Sina Makes Case for Own Board Members, Scorns Activist Investor’s Nominees
Leading web portal Sina Corp. turned up the volume in its proxy battle with an activist shareholder trying to win a company board seat, explaining in a new letter to shareholders why its own board offered the best way forward with its strong China background.
Sina’s latest pitch to its shareholders comes just two weeks after hedge fund Aristeia Capital threw down the gauntlet with a letter announcing it would put up two nominees for Sina’s board at the company’s next annual meeting on Nov. 3. Sina has advised its shareholders not to vote for either of the Aristeia candidates.
“Currently, you are represented by a board of directors that is highly qualified, is committed to acting in your best interests and has been carefully selected to ensure the right mix of skills and expertise that is critical to overseeing a leading online media company in China,” Sina said in the opening of its new letter to shareholders dated Oct. 3, a month before the annual meeting.
Aristeia previously argued that Sina’s shares are grossly undervalued, and that it would be better served by spinning off its sizable stake in the Twitter-like Weibo Corp. or by putting itself up for sale.
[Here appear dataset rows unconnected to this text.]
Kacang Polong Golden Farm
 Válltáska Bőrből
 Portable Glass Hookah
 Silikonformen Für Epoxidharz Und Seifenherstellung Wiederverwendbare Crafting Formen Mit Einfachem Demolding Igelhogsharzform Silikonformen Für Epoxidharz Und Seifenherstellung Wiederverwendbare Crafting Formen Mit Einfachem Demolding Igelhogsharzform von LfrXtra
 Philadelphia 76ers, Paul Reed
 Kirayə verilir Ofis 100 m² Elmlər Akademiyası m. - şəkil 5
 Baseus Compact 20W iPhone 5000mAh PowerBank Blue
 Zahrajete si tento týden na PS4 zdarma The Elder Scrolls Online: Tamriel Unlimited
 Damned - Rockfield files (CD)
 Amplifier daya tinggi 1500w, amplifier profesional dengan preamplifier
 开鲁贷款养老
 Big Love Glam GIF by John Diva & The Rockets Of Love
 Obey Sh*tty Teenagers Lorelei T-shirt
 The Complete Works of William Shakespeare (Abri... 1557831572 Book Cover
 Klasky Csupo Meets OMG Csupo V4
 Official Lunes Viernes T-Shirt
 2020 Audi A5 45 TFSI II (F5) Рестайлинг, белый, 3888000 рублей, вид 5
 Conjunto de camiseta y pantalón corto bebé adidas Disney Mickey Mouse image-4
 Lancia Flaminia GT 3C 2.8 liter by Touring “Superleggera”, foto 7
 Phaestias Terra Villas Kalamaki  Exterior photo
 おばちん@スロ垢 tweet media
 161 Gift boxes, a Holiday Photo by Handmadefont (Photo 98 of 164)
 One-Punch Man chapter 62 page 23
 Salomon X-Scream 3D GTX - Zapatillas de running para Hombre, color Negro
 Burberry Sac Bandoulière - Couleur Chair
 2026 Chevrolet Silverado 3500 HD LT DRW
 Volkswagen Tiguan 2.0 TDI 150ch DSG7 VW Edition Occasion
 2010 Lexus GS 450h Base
Sina responded by saying that Aristeia’s suggestions would undermine shareholder value over the longer term at the expense of any possible short-term gains.
In making its latest argument to shareholders, Sina said its five-member board has “used its collective executive leadership experience and institutional knowledge of investments” to help the company succeed. The company is one of China’s oldest internet players and still operates the nation’s leading web portal. But it has been overtaken in recent years by younger, more aggressive firms like Alibaba Group Holding Ltd., Tencent Holdings Ltd. and Baidu Inc., which are now many times Sina’s size.
In its letter, Sina explained how its current board, led by longtime CEO Charles Chao, has extensive experience in capital allocation execution and with operating in the complex China market. By comparison, it said, the two outsider board nominees are just proxies for Aristeia’s plans because they are eligible to receive payments from Aristeia for acting as candidates in the election.
“How can (Aristeia’s two nominees) possibly function independently of Aristeia if they have been compensated by it? We believe it is clear that they cannot,” Sina said.
The battle is one of a growing number of such clashes between top managers of Chinese companies, who often hold big stakes in the firms, and minority shareholders who say their interests are ignored.
Sina’s New York traded shares initially fell as much as 5% after Aristeia made its initial proposal. But since then, they have regained all of that ground and have been trading slightly above their pre-proposal levels.